FBI Director Blasts Tech Companies Fighting for Encryption

FBI director James Comey

FBI director James Comey Evan Vucci/AP File Photo

Google, Apple, Facebook and others are urging Obama to back strong encryption, but James Comey worries it will hamper law-enforcement access to critical data.

FBI Director James Comey fired back on Wednesday at Silicon Valley companies that are calling for stronger encryption of their products.

"Some prominent folks wrote a letter to the president yesterday that I frankly found depressing," Comey said in a discussion at Georgetown University Law Center, referring to a letter signed by Apple, Google, Facebook, Microsoft, and other companies, as well as civil-liberties groups and Internet-security experts. "Their letter contains no acknowledgment that there are societal costs to universal encryption."

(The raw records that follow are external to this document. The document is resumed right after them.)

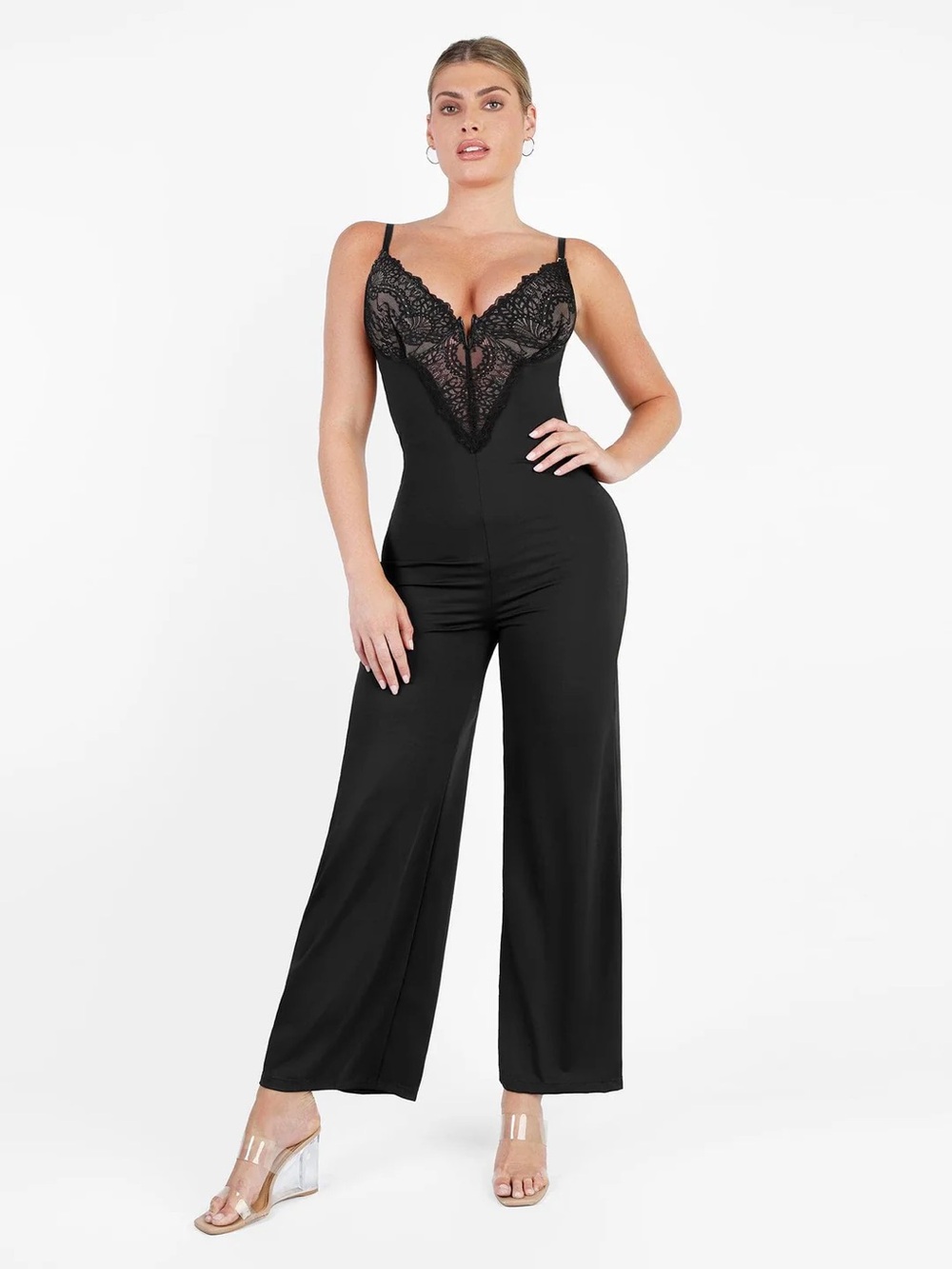 Popilush lace deep V-neck shapewear wide leg jumpsuit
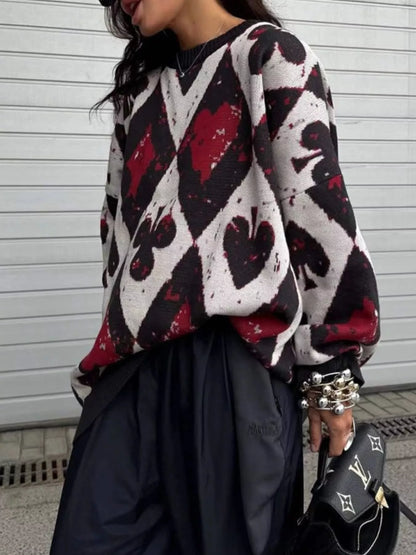 Contrast Diamond Round Neck Long Sleeve Sweater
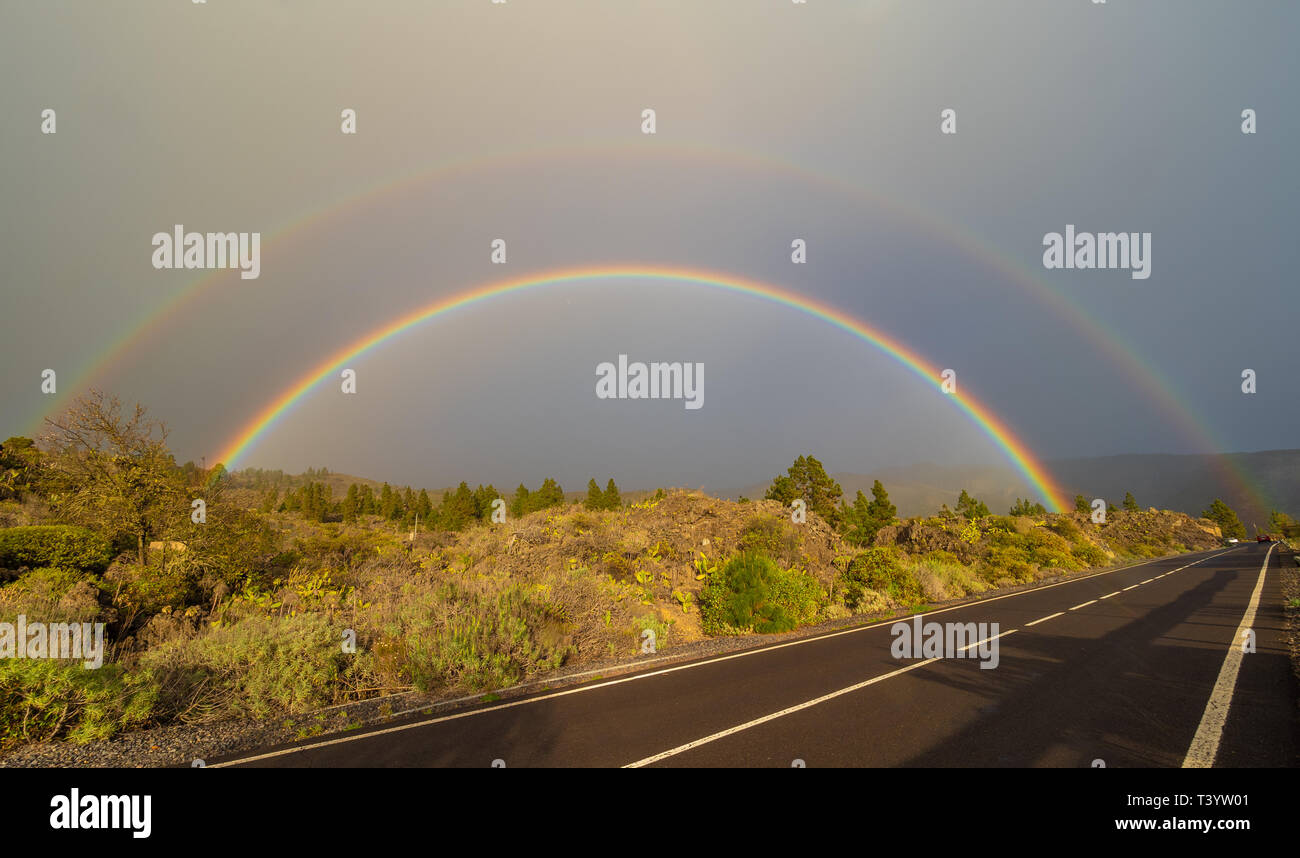 Double Rainbow auf Teneriffa, Spanien Stockfoto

There can be benefits to securing devices from hackers, Comey acknowledged, but he argued there are also "tremendous costs" to society by preventing law enforcement from obtaining evidence for investigations.

In their letter on Tuesday, the tech companies urged Obama to reject any proposal to weaken cybersecurity. The administration should instead focus on promoting wider adoption of strong encryption, the companies argued. "Strong encryption is the cornerstone of the modern information economy's security," they wrote.

Both Apple and Google recently made end-to-end encryption the default setting on their mobile operating systems.

But Comey warned that widespread encryption would put terrorists, spies, and criminals beyond the reach of law enforcement—even with court orders.

"I read this letter, and I think these folks don't see what I see or they're not fair-minded," Comey said Wednesday. "Either one of those things is depressing."

Michael Rogers, the director of the National Security Agency, outlined a compromise solution last month in which the government would have one key to the product and the company would keep the other. That proposal would ensure appropriate government access to information without undermining security, Rogers argued.

But many security experts doubt that such a solution could work.

"Whether you call them 'front doors' or 'back doors,' introducing intentional vulnerabilities into secure products for the government's use will make those products less secure against other attackers," the companies and groups wrote in their letter this week.